HENDERSON — Each year, Henderson-Vance County Chamber of Commerce President Michele Burgess wonders if the previous crop of Small Business of the Year nominees can be topped.
The 2021 field did not disappoint.
Its winners were crowned Wednesday at Henderson Country Club during an annual luncheon hosted by four area chambers of commerce and the Vance-Granville Community College Small Business Center.
“We just think every year we can’t get anybody better,” Burgess said, “but then we get some more names and we’re like, ‘Oh yeah.’ ”
Small Business of the Year winners, chosen by an anonymous committee, were announced Wednesday by the Henderson-Vance County Chamber of Commerce as well as the Granville County Chamber of Commerce, Greater Franklin County Chamber of Commerce, and the Roxboro Area Chamber of Commerce.

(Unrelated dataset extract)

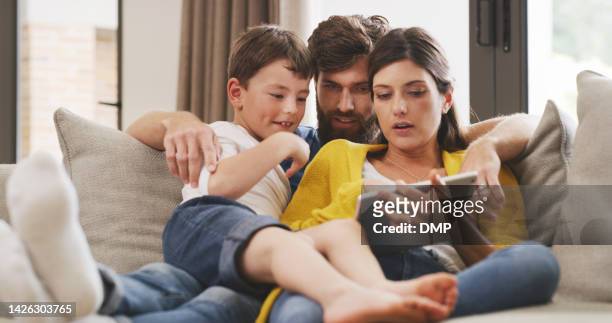 tablet, subscription and family streaming a movie as father relaxing with his wife and child at home on the sofa. portrait of mother, dad and kid watching tv, film or movies on the couch together - content stock pictures, royalty-free photos & images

Country Snacks Manufacturing earned the nod from Henderson-Vance and Oxford’s Huff Consulting took the top honor from Granville County. Franklin County selected Cook Shack Catering as its winner, and REMAX Premier Realty received recognition from the Roxboro Chamber.
The awards portion of the event followed an address from guest speakers Miles Kirksey and Torie Keeton of the N.C. Rural Center. The program also included remarks from Tanya Evans, representing Small Business of the Year award sponsor Duke Energy as well Sheri Jones, the director of VGCC’s Small Business Center.
Henderson-Vance County Chamber of Commerce Chairperson Ronald Bennett presented Country Snacks Manufacturing’s award, surprising the audience by pulling out a yellow-labeled bag of Carolina Country Snacks fried pork fat back and raising it with his right hand to showcase one of their popular products.
“Has anyone else seen these bags?” Bennett said.
“This locally-owned Country Snacks Manufacturing began in the year 2000,” Bennett added, “and has brought positive recognition to our community with each package of pork skins, proudly printed with ‘Henderson, North Carolina’ and a Bible verse on the back.”
Country Snacks President Angela Jacobs took over the reins of the business from the founder, her father Dwight Frazier.
The company grew from six employees at its start to more than 35 and in recent years, expanded to a national market.
Burgess credited the Frazier and Jacobs families for keeping the business in the family, and praised the public-spirited Angela Jacobs, who serves on the Henderson-Vance Chamber Board of Directors and is involved in a number of other community services.
“The pork skins — you just see it everywhere,” Burgess said. “When their trucks are going down [Interstate 40] going to Wilmington, when you go into Richmond, when you go into a convenience store. They’re everywhere. So that part of it is just giving great exposure to Vance County because Henderson, N.C. is on the back of the bag.”
Huff Consulting was founded in 2010 out of Randall Huff’s home but the company moved to Oxford’s Williamsboro Street in August 2021.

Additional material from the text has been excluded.